While four of the five players in the starting lineup are set in stone, the small forward position remains open. Last year, the Cavs bucked the league-wide “small ball” trend by starting three big men – Allen, Mobley and Lauri Markkanen. That worked well, as lineups with those three had a +7.4 differential, per Cleaning the Glass. But Markkanen was shipped to Utah along with rookie Ochai Agbaji, who had some potential as a wing but would likely not have received consistent playing time. That leaves the small forward room even thinner than it was already.
On paper, Isaac Okoro should be the one to fill that spot. He has the defensive skills perhaps necessary to support Garland and Mitchell, but the offense remains a concern. He does not have the green light to create for himself outside of a dwindling shot clock or a poor closeout, but can contribute as a cutter and corner three-point shooter. At least in theory — teams have spent two years now daring Okoro to shoot by leaving him wide open in the corner. To date, they have not made him pay.
Having another capable passer in Mitchell should improve the playmaking, opening up more cutting lanes for Okoro that were once hidden due to few capable passers on the floor at once. As my colleague Chris Manning has preached, J.B. Bickerstaff should keep Okoro moving and cutting to the basket to weaponize his speed and strength. (Editor’s note from Chris: THAT’S RIGHT!)
Okoro attempted 58% of his shots at the rim and improved his accuracy at the rim from 58% to 63% from year one to year two, per Cleaning the Glass. Mitchell is also an excellent driver, which should collapse defenses and leave Okoro open in the corner. He took 24% of his shots from corner three territory, making 36% of them per Cleaning the Glass. The Cavs will need some higher volume and accuracy in that area from Okoro to make him a true 3-and-D wing to fill the gap. But the mold is there — a strong defensive presence who can hit corner threes and find open looks through cutting to the basket.
Did anyone forget about Caris LeVert? After coming over from Indiana last season, LeVert fell off a ledge offensively. Post-trade he shot worse at the rim (-5%) and mid-range (-1%) while having a high usage rate and career-worst points per shot attempt according to Cleaning the Glass. The inefficiency killed the Cavaliers at a time when offense was tough to come by, especially with Garland dealing with a back problem and Jarrett Allen breaking his finger.

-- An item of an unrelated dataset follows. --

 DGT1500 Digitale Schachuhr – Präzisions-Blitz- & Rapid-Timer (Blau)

LeVert will not have to be the second option this time around, which helps, but if he does not have the ball in his hands what can he provide? He is not a defensive stopper, nor a consistent shooter from deep — particularly as a catch-and-shoot option. Opposing defenses definitely have to pay attention to him more than Okoro, and that is worth something. Maybe his playmaking improves by having another capable offensive player like Mitchell available to pass to? His offensive skillset may be better suited off the bench to punish opposing benches. He can have the ball in his hands more frequently without taking away touches from the talented backcourt.

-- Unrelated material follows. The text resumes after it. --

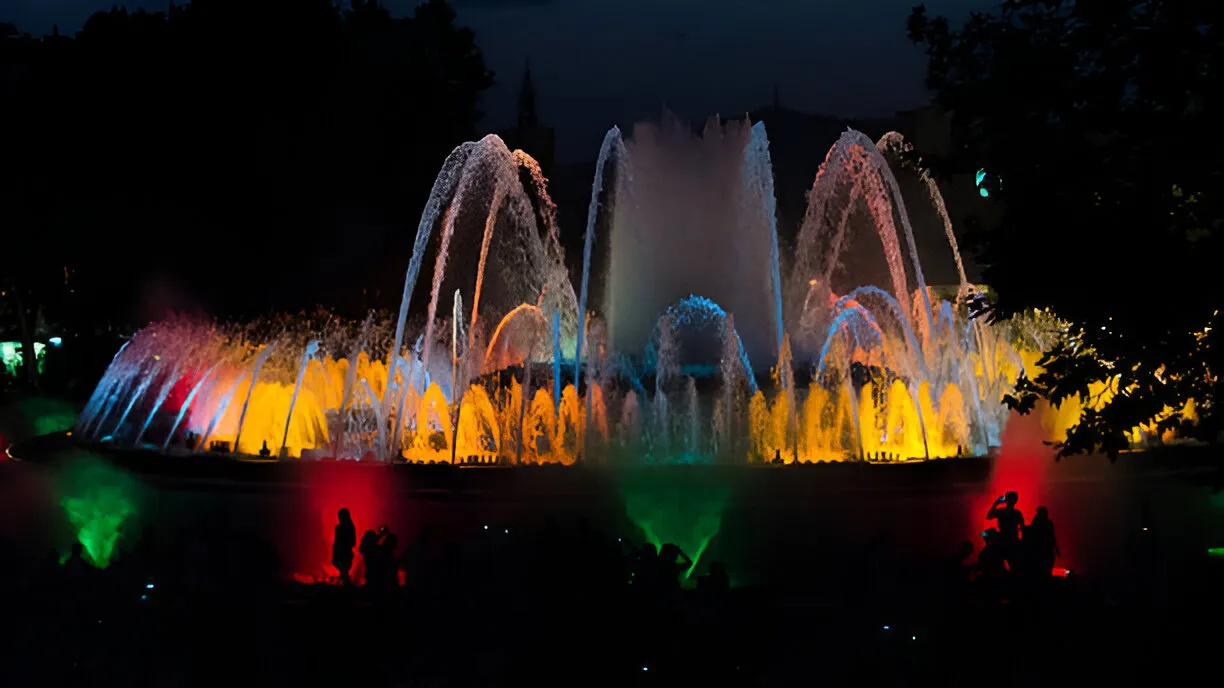 Music fountain patterns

The Cavs are reportedly in no rush to extend LeVert, making him an expiring contract with a lot to prove this upcoming season. Right now, it seems like he is penciled in as the starting small forward, namely because he has more offensive punch. But the defense will certainly suffer, and his playmaking comes and goes. Not a perfect solution, but an option nonetheless.

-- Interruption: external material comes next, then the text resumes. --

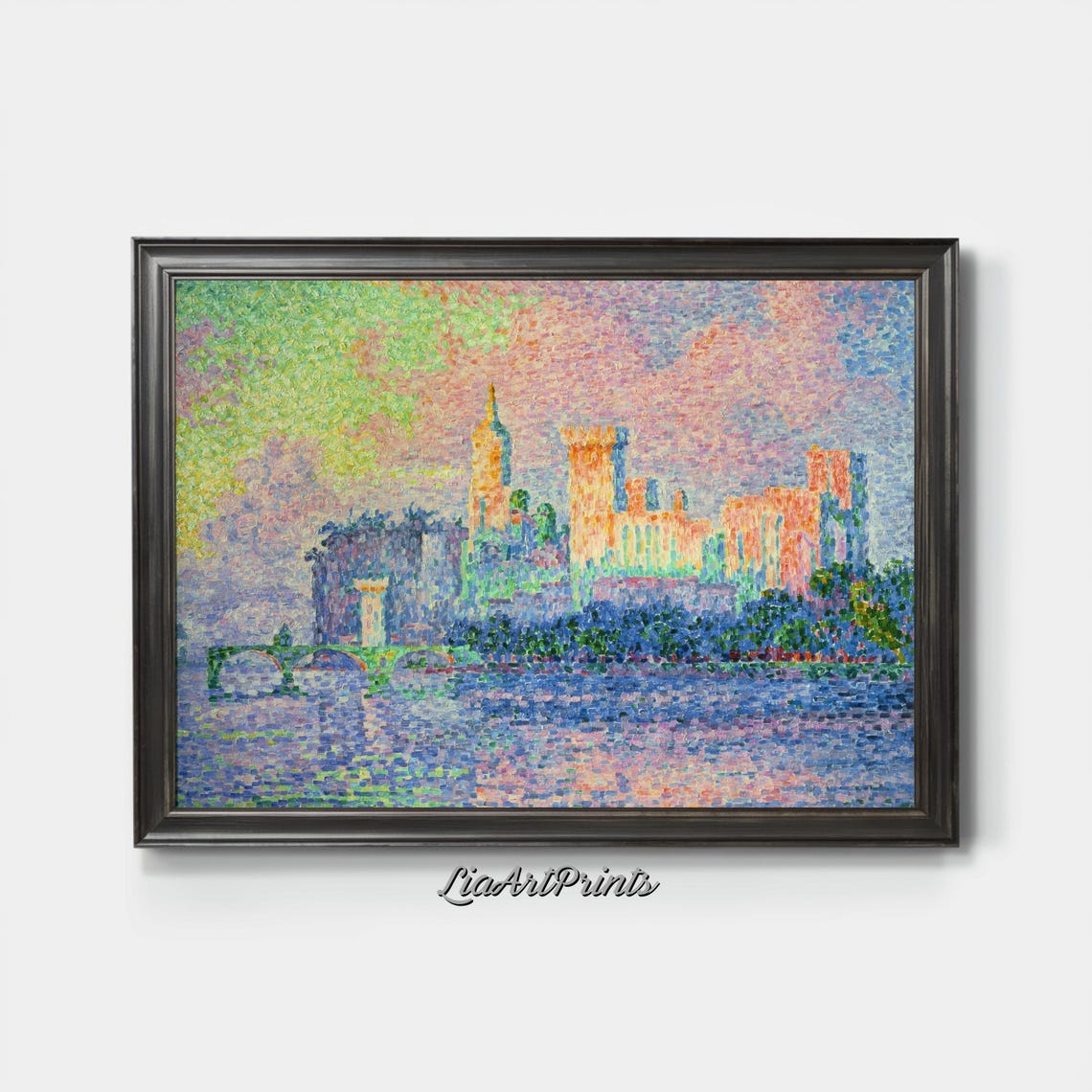 Paul Signacs The Papal Palace Avignon Pointillism Art Print Vibrant Post Impressionist Masterpiece - Image 2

Everyone’s favorite Cedi Osman is also worth a look, especially with how he has played for Eurobasket. The 27-year-old is averaging 16.2 points, 5.4 rebounds, and 1.8 assists per game on average to below-average efficiency in FIBA play. That is the story with Osman: the Cavs sort of already know what he provides. He is either flaming hot or unplayable on either side of the ball, getting blown up defensively and shooting the Cavs out of games. Osman was more efficient this past season than in 2020-2021, and is a tad taller than Okoro and LeVert. But he’s not reliable. Instead, Osman provides more capable outside shooting and high energy. When he’s hot, he looks like the perfect fit. When cold, he can be unplayable. It’s not clear how J.B. Bickerstaff really trusts him.
I wrote about Lamar Stevens last season, particularly on how he was slowly developing an offensive tool bag and finding spots on the floor he liked to shoot from. His mid-range game showed signs of consistency and he could find the floor as the backup small forward. I am not sure the coaching staff is ready to start him, but he is the mid-range-heavy version of Osman.
Dean Wade falls into the “probably will not start but is useful” category. He is 6’10” and can shoot the basketball but, maybe most importantly, he allows LeVert, Osman, and Okoro to come off the bench and anchor what should be a deep unit. Wade does not kill you, usually, and could benefit greatly from Mitchell and Garland keeping opposing defenses guessing.
The jury is technically still out on Dylan Windler, but it’ looking like this is his last chance to prove his worth. On paper, he has the active hands and shooting prowess that would be helpful on both sides of the ball alongside the core four. But health will be the determining factor in if he finds the floor or not. I am betting on the latter.
Alright, now let’s get weird. What about putting Evan Mobley at the three and starting Kevin Love at power forward? It solves the shooting issue by inserting the dangerous Love, who could benefit as a trailer when the ball is pushed up the floor. As a pick-and-pop savant, he will also get plenty of looks.
Defenses backpedaling to watch for the lob to Mobley will be quickly punished by a Love pop for three. Mobley and Allen will have to do a lot of defensive anchoring both on the interior and the perimeter, but it is an intriguing option (For what it is worth, last year, a lineup with Mobley-Love-Allen was an offensive juggernaut scoring 156.5 points per 100 possessions per Cleaning the Glass). Considering Love was so good off the bench, enough to garner Sixth Man of the Year votes, it is unlikely he suddenly starts at age 34. But the possibility exists.
Given the offensive pedigree, LeVert seems like the most likely to start at small forward. If Okoro can become a consistent shooting threat, he effectively provides what Osman does offensively with the added bonus of being a very good defender. That should be enough to garner consideration to start, but there may be a “prove it” period to see how the offense flows with him. Osman makes some sense. It will be an ongoing discussion through training camp and the early parts of the season to find out who picks up the small forward starter minutes. Right now, the Cavs have some compelling, albeit unspectacular, options.